The National Justice Museum is based at Nottingham’s old Shire Hall and County Gaol. This historic building is famous for its grim past as it has been a home to a local court since at least 1375 and a prison with the first written record dating back to 1449. Throughout the years many people passed through its doors and some stayed for longer than originally anticipated. Over the years both the court and the prison were enlarged and in 1724, because of the courtroom being overcrowded, the floor collapsed, and several people fell with it into the cellar underneath. The Hall was then rebuilt in 1772.

Public executions were also held in front of its central doorway for several decades, which was a popular form of entertainment back in the Victoria Britain. Scaffold was erected over the iconic stone steps and the building was fronted by an iron palisade to help control unruly crowds. The executions were so popular in fact, that at one time an impressive crowd turned up to watch. The crowd was so dense that it spilled into the steps, now leading up to Nottingham Contemporary, and when panic broke loose people started falling and tripping over each other and because there was no place to escape several spectators were killed on the steps of Nottingham Contemporary and injured on the way leading up to National Justice Museum (now High Pavement street).

The last public execution in front of National Justice Museum took place in 1864 with Richard Thomas Parker whose life was taken for committing a murder. The building was then used as a police station from 1905 to 1985 and the court closed in 1986.

***

Knowing this dark history, it’s not surprising that National Justice Museum is an epicentre for paranormal activity and one of the most haunted buildings in England. Regular paranormal investigations take place there and you can even hire it to conduct your own investigation as well (at your own risk, of course). People often report feeling drowsy and get an impression of someone watching them. There’re also several photographs circulating among the paranormal community with alleged poltergeists and their activity captured on film. If you’re a keen ghost hunter or would like to prove the existence of life beyond death, then a visit to National Justice Museum is a must.

In the run up to the most important day celebrating the ones who passed away, Halloween, National Justice Museum is running its highly popular Terror Tours. We were lucky enough to experience a tour for ourselves and we were definitely not ready for what was waiting for us when we arrived at the museum on one September Friday evening. The sky was cowered with dark and ominous clouds when we arrived at our destination – the infamous steps where the executions took place back in the day. We were welcomed by a lady in white who escorted us inside where a hallway filled with dense smoke awaited us. After a brief safety introduction, we were led to the court room where we were told the stories of the ones who were once convicted there. The atmosphere became grim and then the lights went off. . .Everything is more terrifying when you're in the dark. . .

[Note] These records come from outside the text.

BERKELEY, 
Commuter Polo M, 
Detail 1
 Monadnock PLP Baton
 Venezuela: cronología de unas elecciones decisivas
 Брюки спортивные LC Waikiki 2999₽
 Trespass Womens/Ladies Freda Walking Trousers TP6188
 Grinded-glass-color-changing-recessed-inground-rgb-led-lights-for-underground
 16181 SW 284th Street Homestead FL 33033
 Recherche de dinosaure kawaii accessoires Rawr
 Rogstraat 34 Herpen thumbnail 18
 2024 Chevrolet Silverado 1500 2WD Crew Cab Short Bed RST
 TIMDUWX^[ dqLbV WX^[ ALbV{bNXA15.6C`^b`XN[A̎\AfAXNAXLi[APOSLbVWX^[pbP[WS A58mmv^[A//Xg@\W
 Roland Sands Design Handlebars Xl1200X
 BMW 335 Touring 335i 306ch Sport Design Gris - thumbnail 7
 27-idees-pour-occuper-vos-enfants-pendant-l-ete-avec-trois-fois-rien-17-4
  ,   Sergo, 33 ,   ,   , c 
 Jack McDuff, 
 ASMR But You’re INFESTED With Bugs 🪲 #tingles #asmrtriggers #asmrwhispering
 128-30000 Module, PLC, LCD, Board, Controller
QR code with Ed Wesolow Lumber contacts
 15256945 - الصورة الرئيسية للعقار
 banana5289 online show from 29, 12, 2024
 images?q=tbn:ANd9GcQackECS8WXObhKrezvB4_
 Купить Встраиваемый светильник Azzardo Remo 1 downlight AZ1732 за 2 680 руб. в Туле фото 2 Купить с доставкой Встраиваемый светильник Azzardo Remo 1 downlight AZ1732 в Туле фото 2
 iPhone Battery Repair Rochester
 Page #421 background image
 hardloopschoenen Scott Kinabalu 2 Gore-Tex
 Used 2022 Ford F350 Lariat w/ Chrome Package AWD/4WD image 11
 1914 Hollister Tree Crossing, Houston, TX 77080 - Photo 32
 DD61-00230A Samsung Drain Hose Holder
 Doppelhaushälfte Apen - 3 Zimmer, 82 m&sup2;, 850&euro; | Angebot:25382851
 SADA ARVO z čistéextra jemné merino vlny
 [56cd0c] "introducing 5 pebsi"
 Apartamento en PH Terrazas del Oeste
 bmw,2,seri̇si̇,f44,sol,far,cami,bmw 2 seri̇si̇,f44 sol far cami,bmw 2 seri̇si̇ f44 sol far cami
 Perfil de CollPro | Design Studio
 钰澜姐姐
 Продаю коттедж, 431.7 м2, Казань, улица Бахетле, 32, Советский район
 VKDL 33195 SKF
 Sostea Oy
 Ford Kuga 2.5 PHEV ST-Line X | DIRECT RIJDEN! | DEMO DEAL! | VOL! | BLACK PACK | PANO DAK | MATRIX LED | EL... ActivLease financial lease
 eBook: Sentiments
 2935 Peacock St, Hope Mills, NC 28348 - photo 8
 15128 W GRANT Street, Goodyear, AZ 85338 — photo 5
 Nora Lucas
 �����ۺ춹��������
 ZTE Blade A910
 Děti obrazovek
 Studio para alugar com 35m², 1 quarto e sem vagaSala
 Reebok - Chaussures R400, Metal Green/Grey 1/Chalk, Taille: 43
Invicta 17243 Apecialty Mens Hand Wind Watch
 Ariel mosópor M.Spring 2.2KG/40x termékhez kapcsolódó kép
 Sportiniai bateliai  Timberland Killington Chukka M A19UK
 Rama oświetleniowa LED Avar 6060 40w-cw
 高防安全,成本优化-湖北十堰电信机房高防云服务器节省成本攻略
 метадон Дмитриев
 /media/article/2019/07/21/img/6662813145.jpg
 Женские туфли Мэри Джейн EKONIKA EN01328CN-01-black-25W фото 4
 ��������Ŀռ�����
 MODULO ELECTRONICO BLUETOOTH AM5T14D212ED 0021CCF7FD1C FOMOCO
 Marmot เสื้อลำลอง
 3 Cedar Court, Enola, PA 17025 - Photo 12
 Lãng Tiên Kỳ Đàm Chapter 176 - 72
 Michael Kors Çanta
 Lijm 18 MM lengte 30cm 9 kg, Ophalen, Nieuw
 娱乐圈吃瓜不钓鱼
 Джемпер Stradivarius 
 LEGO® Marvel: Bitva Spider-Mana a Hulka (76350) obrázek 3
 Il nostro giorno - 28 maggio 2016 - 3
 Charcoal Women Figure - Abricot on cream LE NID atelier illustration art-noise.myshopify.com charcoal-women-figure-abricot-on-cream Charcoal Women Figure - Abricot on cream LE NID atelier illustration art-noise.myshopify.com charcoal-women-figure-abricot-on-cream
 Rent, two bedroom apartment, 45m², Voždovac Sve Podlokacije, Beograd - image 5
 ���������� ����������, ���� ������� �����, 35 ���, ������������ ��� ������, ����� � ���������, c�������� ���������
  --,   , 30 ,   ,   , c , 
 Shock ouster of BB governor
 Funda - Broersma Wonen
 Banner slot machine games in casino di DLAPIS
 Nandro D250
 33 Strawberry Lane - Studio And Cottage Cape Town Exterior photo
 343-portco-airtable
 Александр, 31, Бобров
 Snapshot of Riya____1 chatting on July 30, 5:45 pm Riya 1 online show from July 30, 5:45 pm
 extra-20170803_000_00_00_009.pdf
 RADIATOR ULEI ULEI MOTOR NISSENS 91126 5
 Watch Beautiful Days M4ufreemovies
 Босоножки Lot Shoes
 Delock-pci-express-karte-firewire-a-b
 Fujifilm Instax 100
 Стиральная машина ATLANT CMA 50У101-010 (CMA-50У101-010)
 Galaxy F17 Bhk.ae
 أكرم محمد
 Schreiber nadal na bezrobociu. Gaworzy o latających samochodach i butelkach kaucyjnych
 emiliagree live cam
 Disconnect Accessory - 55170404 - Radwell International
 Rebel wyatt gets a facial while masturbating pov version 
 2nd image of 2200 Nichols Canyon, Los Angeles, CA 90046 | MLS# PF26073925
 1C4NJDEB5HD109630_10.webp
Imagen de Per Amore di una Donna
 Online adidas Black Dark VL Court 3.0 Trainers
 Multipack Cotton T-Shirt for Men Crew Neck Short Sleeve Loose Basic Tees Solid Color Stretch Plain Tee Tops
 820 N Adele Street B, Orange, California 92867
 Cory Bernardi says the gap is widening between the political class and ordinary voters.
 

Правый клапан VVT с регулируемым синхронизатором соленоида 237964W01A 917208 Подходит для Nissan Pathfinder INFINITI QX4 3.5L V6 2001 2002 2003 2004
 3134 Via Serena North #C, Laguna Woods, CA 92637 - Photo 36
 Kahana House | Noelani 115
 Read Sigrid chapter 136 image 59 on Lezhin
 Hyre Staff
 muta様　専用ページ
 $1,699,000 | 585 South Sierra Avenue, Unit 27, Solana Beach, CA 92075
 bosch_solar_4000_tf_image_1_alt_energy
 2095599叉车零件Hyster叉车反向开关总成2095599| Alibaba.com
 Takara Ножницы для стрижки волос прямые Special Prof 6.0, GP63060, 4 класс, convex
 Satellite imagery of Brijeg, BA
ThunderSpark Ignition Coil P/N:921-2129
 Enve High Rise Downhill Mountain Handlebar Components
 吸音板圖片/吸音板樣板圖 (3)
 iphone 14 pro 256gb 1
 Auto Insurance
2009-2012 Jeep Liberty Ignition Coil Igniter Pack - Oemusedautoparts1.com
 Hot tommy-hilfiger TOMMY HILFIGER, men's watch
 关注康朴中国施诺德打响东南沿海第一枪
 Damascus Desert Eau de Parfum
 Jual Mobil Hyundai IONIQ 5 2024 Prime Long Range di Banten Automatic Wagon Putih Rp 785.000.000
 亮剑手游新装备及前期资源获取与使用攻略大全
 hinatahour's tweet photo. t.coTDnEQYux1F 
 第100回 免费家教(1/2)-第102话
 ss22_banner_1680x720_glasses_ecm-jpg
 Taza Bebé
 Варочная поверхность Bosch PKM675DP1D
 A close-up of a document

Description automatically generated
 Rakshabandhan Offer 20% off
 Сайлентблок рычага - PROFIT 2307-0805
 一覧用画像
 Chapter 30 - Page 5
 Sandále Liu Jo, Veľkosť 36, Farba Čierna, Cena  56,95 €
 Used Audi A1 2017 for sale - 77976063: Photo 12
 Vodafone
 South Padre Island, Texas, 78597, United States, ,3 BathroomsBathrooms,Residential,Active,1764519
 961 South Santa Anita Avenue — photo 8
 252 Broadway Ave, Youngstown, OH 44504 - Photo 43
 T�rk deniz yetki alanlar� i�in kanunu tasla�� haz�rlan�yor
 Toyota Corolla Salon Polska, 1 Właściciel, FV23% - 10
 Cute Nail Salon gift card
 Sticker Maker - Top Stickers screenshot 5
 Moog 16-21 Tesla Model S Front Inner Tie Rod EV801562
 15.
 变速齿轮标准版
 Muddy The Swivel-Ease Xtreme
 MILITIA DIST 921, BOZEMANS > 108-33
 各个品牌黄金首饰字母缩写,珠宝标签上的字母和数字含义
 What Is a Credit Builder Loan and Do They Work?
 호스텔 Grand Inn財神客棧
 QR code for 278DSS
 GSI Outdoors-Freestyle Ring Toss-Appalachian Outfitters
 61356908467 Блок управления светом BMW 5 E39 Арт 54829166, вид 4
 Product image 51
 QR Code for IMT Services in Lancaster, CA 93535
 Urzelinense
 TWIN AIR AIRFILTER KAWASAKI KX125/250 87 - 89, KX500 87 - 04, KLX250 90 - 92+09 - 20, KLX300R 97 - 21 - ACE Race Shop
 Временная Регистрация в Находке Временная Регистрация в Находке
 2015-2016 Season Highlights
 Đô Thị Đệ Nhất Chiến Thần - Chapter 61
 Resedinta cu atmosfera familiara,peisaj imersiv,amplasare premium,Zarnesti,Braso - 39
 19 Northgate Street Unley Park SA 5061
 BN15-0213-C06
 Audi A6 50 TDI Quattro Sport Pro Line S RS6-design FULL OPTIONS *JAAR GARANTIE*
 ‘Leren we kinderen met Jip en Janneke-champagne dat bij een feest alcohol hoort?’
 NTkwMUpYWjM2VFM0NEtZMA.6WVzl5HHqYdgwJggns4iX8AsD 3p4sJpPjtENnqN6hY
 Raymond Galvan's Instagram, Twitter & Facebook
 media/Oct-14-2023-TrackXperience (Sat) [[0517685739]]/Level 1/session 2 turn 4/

We haven’t seen the light of day, or any light for that matter, up until the very last minute of the tour when we were let outside into the courtyard, so if you’re scared of the dark you may want to skip this one.

Along the way we were taken through the darkest and deepest prison cells and dungeons that are not normally accessible to the public. They are open exclusively for this bloodcurdling tour. We were led by the incredibly talented actors, who for this night only become the shadows of some of the most terrifying convicts who were serving their sentences at this infamous prison back in the day. Moving carefully in the dark we clenched to a thought that it’s just a tour but at the time is seemed to be very real. The overwhelming sensation of someone watching us was overpowering at times. In fact, there WAS someone there, lurking in the shadows, with a bag over his head…who was it?  You’ll find out during the tour.

It’s fair to say that this tour is not for the faint hearted. You’ll be exposed to true terror as you are plunged into darkness and creep through the winding corridors and darkest dungeons of the old gaol. Enter if you dare.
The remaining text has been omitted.